___ Data to use ___

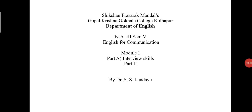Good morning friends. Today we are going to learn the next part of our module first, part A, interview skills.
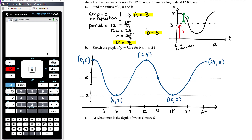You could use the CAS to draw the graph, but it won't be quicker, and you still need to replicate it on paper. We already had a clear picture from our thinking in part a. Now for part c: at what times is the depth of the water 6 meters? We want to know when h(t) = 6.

___
___ Data to use ___

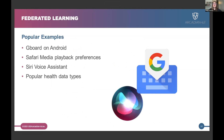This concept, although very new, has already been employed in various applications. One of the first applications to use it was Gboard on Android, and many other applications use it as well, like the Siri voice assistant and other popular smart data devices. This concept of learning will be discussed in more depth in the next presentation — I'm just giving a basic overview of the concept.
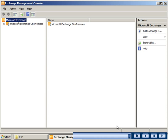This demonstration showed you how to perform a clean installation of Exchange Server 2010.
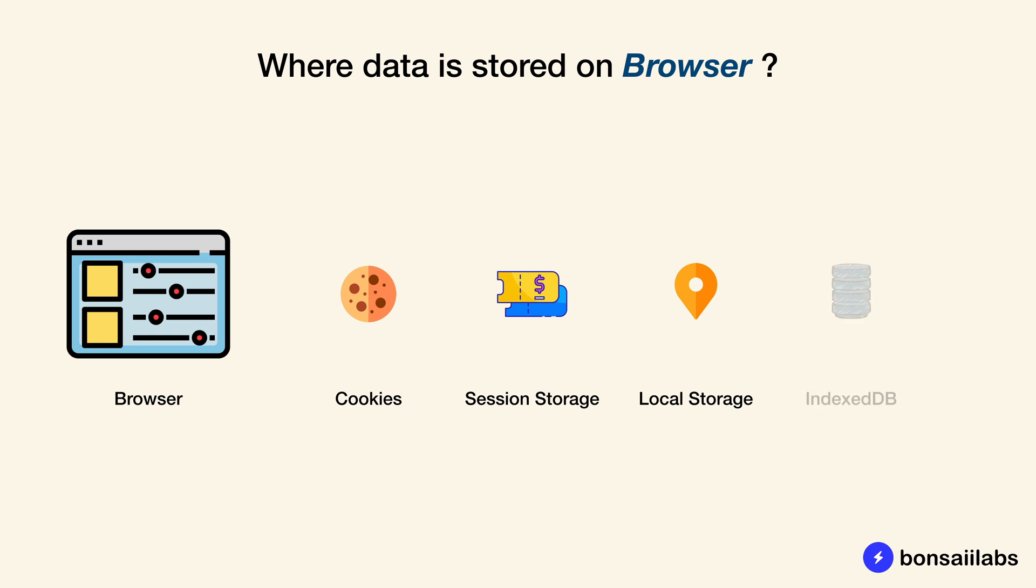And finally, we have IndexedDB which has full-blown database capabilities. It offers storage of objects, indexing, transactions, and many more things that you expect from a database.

___

- Task:
Whatever pictures the records hold, omit them; give again exactly the lines from the one containing "Good morning friends." through the one containing "You could use".

- Your response:
Good morning friends. Today we are going to learn the next part of our module first, part A, interview skills.
You could use the CAS to draw the graph, but it won't be quicker, and you still need to replicate it on paper. We already had a clear picture from our thinking in part a. Now for part c: at what times is the depth of the water 6 meters? We want to know when h(t) = 6.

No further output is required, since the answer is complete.